Cabe liminarmente referir que o recorrente faz uma leitura muito subjectiva da matéria de facto provada, omitindo e ignorando ostensivamente o que não lhe interessa, numa violação flagrante dos mais elementares deveres de lealdade processual. Só que, essa atitude, não surte qualquer efeito prático. A circunstância de o arguido afirmar que apenas se provou um crime de ofensa à integridade física, não tem, como é a todas as luzes evidente, a virtualidade de apagar o que em contrário resulta da matéria de facto provada. É tapar o sol com a peneira.
É destituída de valor a afirmação de que a condenação só se podia alicerçar em factos ocorridos após a data em que entrou em vigor a alteração introduzida pela Lei 7/2000, de 27 de Maio....., “Lex severior” e até à data em que o arguido e a C............... deixaram de viver como marido e mulher, i.e. em Abril de 2002. Em primeiro lugar o crime de maus tratos está tipificado desde a entrada em vigor do Código Penal em 1983. Depois, na parte do texto legal que aqui releva, o art.º 152º mantém-se inalterado desde a revisão levada a cabo pelo Decreto Lei n.º 48/95, de 15 de Março. Mas, mesmo que o entendimento propugnado pelo recorrente fosse procedente, a factualidade apurada nesse período temporal permite censurar jurídico penalmente o arguido pela prática do crime de maus tratos na sua forma continuada.
Acresce que não há qualquer fundamento para limitar os factos relevantes à data em que o arguido e a C............. deixaram de viver como marido e mulher, i.e. em Abril de 2002. Há patente confusão do recorrente. O art.º 152º utiliza um conceito jurídico claro, cônjuge; ora como o casamento ainda não tinha sido dissolvido relevam todos os factos ocorridos até ao evento letal. O art.º 152º apenas refere cônjuge, não exige, cumulativamente, a coabitação conjugal. Esse requisito de coabitação apenas é exigido para as situações análogas, e por óbvias razões. Se é certo que Taipa de Carvalho[Comentário Conimbricense, I pág. 333], parece num primeiro momento exigir também para os cônjuges a coabitação conjugal, logo de seguida e de modo inequívoco corrige a afirmação: cônjuge ou quem com o agente conviver em condições análogas às dos cônjuges. Nem se compreende que fosse de outro modo. O dever de respeito - o especial dever de respeito entre os cônjuges - subsiste até ser decretado o divórcio. Abra-se aqui um pequeno parêntesis para referir que o dever de respeito é o mais importante dos deveres conjugais. O fim do casamento é constituir uma família mediante uma plena comunhão de vida cfr. art.º 1577 º do CCivil e, portanto, falta ao respeito devido ao outro cônjuge, todo o cônjuge que age de modo a frustar a justa expectativa do seu consorte naquela plena - perfeita - comunhão - participação comum - de vida - de actividade - que na sociedade actual pressupõe forçosamente fidelidade, coabitação, cooperação e assistência. Filia-se na eminente dignidade da pessoa humana, bem jurídico, com assento constitucional e tanto pode ser violado no seu aspecto físico como moral. Aquele traduz-se na obrigação imposta de não lesar fisicamente o outro; o dever de respeito moral traduz-se na obrigação de não lesar moralmente o outro[Ferreira Pinto, Causas do Divórcio pág. 60 /61, A. Varela Direito da Família pág. 345 e P. Lima e A. Varela CCA vol. IV pág. 256 /7.]

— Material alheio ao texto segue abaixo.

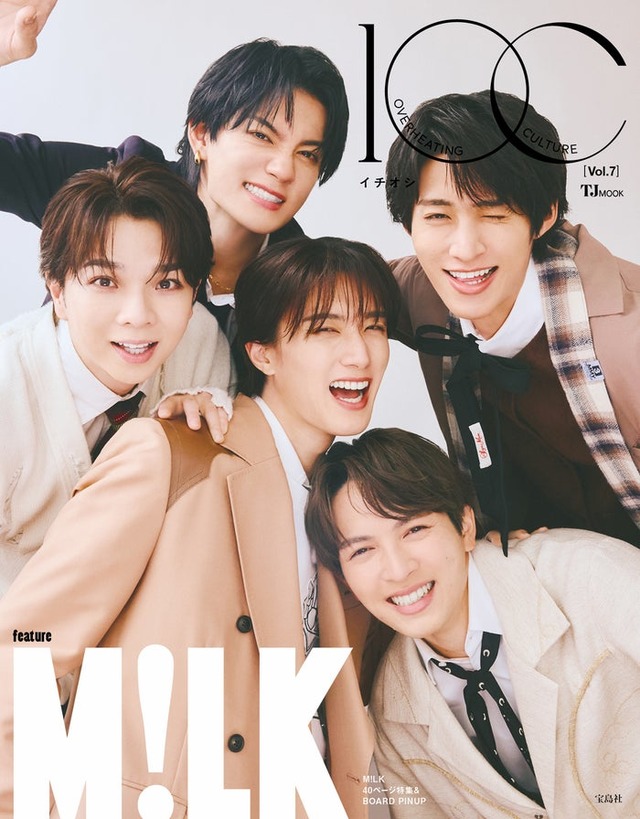 「1OC（イチオシ）Vol.7」（3月11日発売）表紙：M!LK（画像提供：宝島社）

A criminalização dos maus tratos reflecte em boa medida o relevo deste dever jurídico de respeito.
Se é certo que normalmente os maus tratos, mesmo entre os casados, ocorrem num contexto de coabitação, do tipo legal não resulta - no caso de casamento - essa exigência. A coabitação é exigida, e por óbvias razões, para os que convivem em condições análogas: sem coabitação não há união de facto.
Porque razão é que o cônjuge que por ser vítima de maus tratos abandona a casa, havia de deixar, por essa razão, de ser protegido dos maus tratos caso eles continuem? Como eloquentemente demonstra o caso dos autos, os maus tratos não cessaram com a separação, mas continuaram em crescendo até ao evento letal.
Mesmo em caso de simples separação subsistem todos os deveres conjugais, daí que, mesmo numa situação de separação, pode ocorrer crime de maus tratos a cônjuge.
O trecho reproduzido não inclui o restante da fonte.